HumorRank: A Tournament-Based Leaderboard for Evaluating Humor Generation in Large Language Models

arXiv cs.CL / 4/23/2026

📰 NewsSignals & Early TrendsIdeas & Deep AnalysisModels & Research

Key Points

  • Humor generation evaluation for LLMs remains difficult because prior methods produce separate, non-comparable metrics, so it’s hard to rank and track model progress consistently.
  • The paper introduces HumorRank, a tournament-based leaderboard that converts pairwise humor judgments into unified, globally consistent rankings.
  • It uses the SemEval-2026 MWAHAHA dataset and runs extensive automated pairwise evaluations across nine models (including proprietary, open-weight, and specialized systems).
  • HumorRank applies GTVH-based pairwise judging aggregated through an Adaptive Swiss tournament, with Bradley-Terry MLE to estimate overall humor capability.
  • The authors find that humor quality depends more on mastering comedic mechanisms than on model scale, providing a scalable and interpretable benchmarking approach.

Abstract

Evaluating humor in large language models (LLMs) is an open challenge because existing approaches yield isolated, incomparable metrics rather than unified model rankings, making it difficult to track progress across systems.

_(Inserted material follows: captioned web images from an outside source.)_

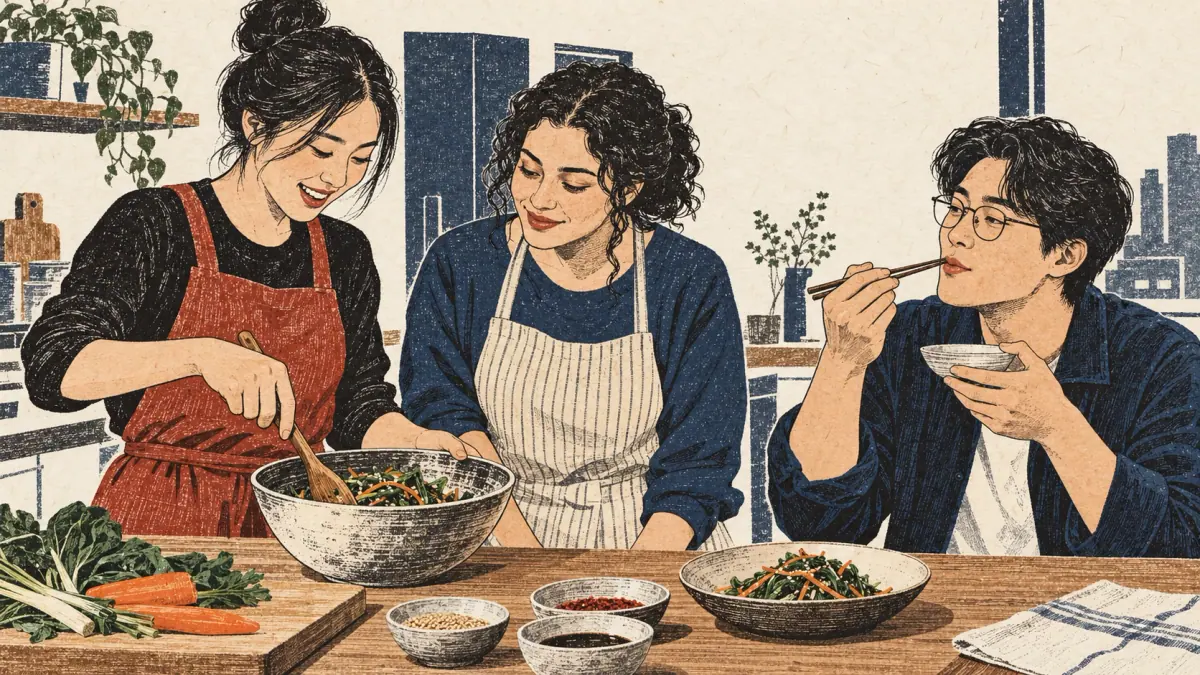A cook explains a preparation method while another learner tastes and evaluates the food.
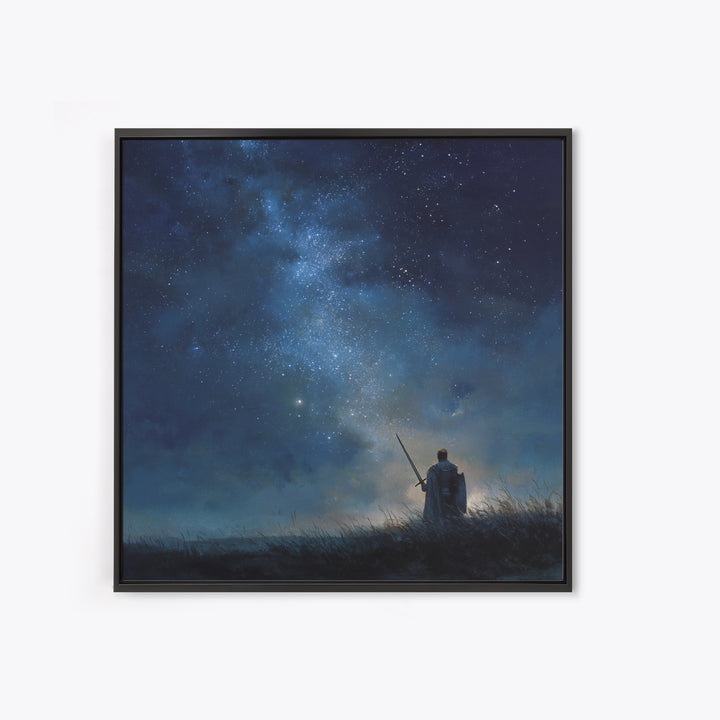 Starry Night Warrior With Sword Under Milky Way Canvas Print, Fantasy Wall Art, Celestial Decor, Mystical Bedroom Art Gift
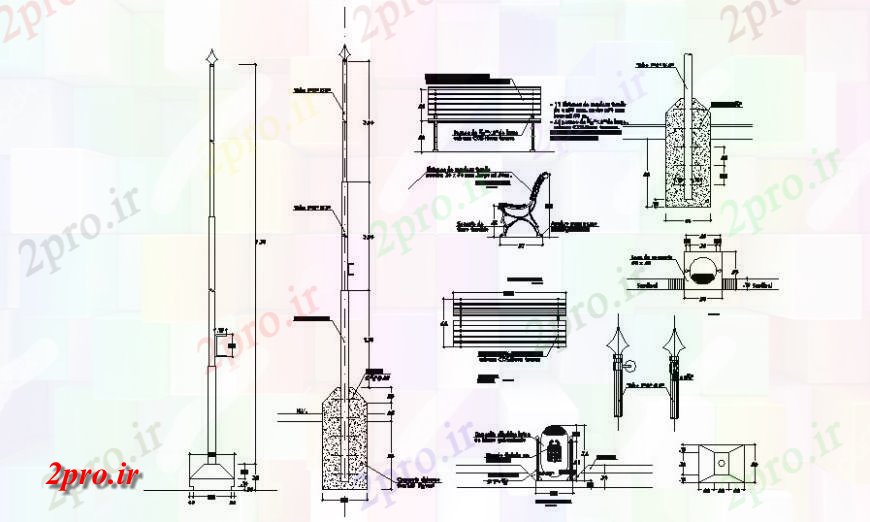 دانلود نقشه بلوک مبلمان قطب و جزئیات نیمکت    (کد115928)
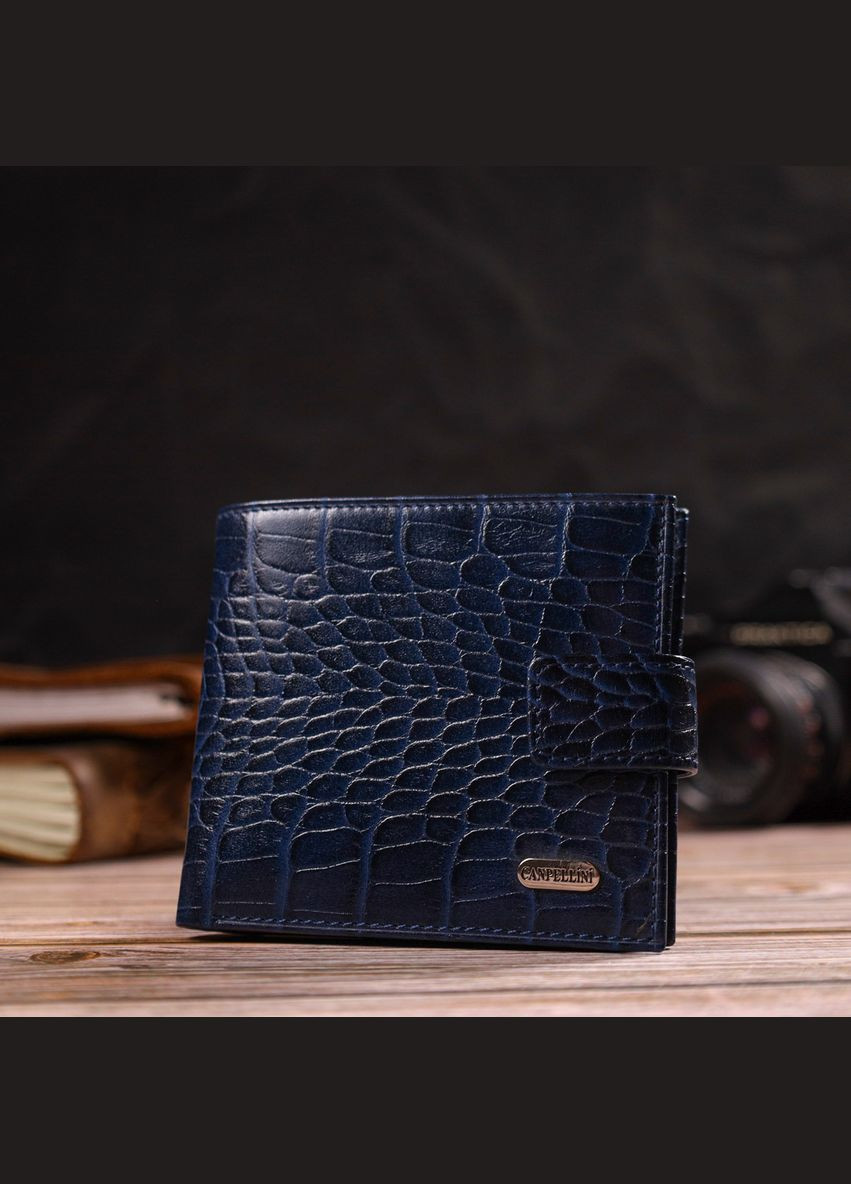 Гаманець для чоловіків горизонтального формату з натуральної шкіри з тисненням під крокодила 21769 Синій Canpellini (329147919)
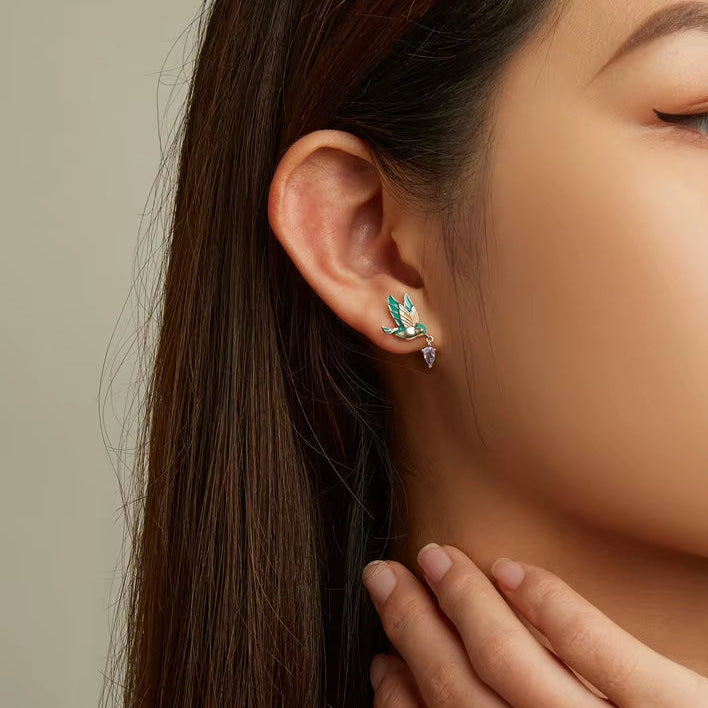 925 Sterling Silver Exqusite Kingfisher Stud Earrings for Women Colored Bird Ear Studs Trendy Gift Fine Jewelry BSE690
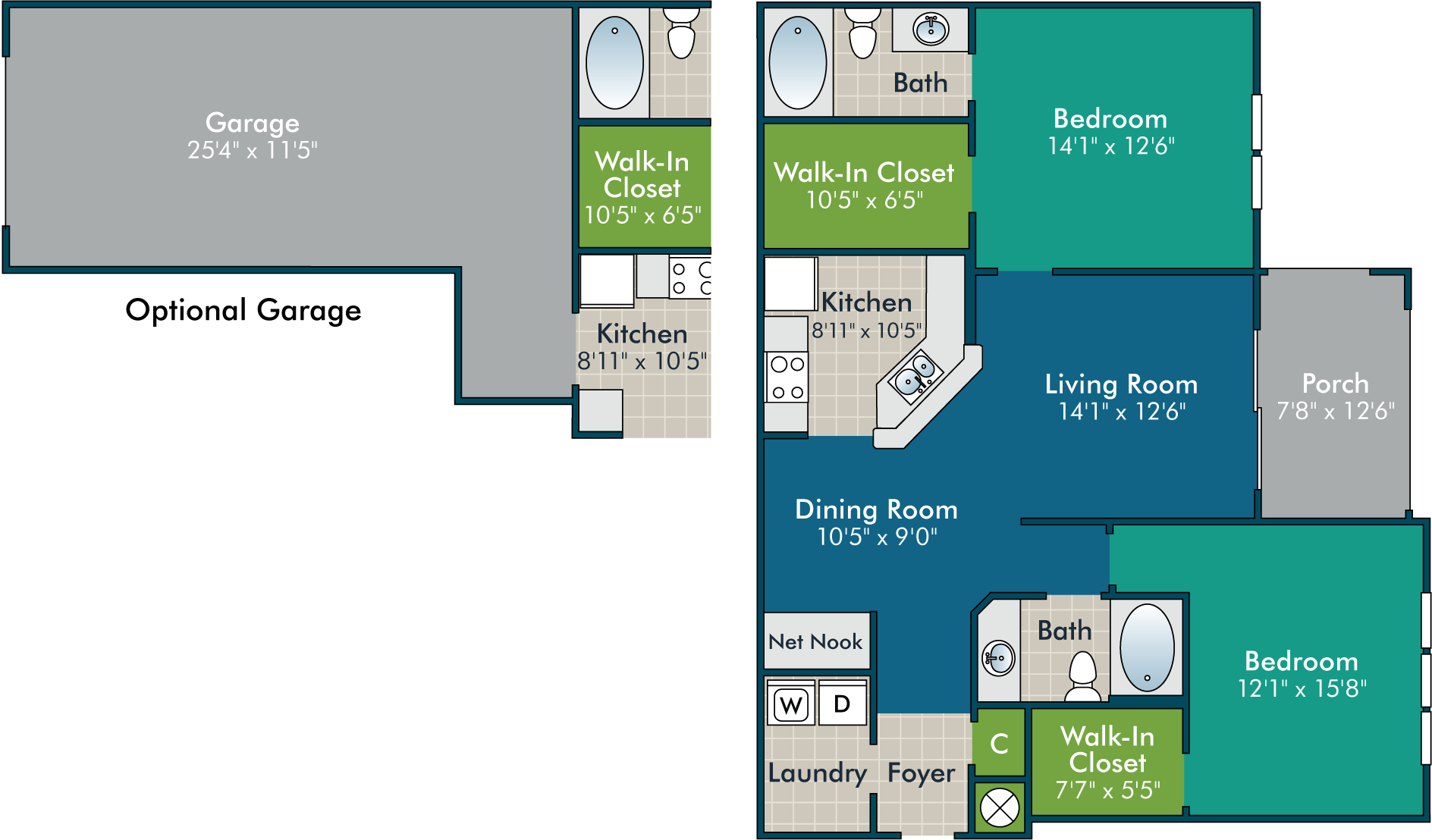 Inviting floor plan showcasing two bedrooms, spacious living and dining areas, two modern kitchens, convenient walk-in closets, and a generous garage space.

We introduce HumorRank, a tournament-based evaluation framework and leaderboard for textual humor generation. Using SemEval-2026 MWAHAHA test dataset, we conduct an extensive automated pairwise evaluation across nine models spanning proprietary, open-weight, and specialized systems. Pairwise judgments grounded in the General Theory of Verbal Humor (GTVH) are aggregated via an Adaptive Swiss tournament, with Bradley-Terry Maximum Likelihood Estimation (MLE) producing globally consistent humor generation capability rankings. Our results demonstrate that HumorRank yields statistically grounded model stratifications, showing that humor quality is driven by mastery of comedic mechanisms rather than model scale alone. HumorRank thus provides a scalable, interpretable methodology for benchmarking and understanding LLM-generated humor.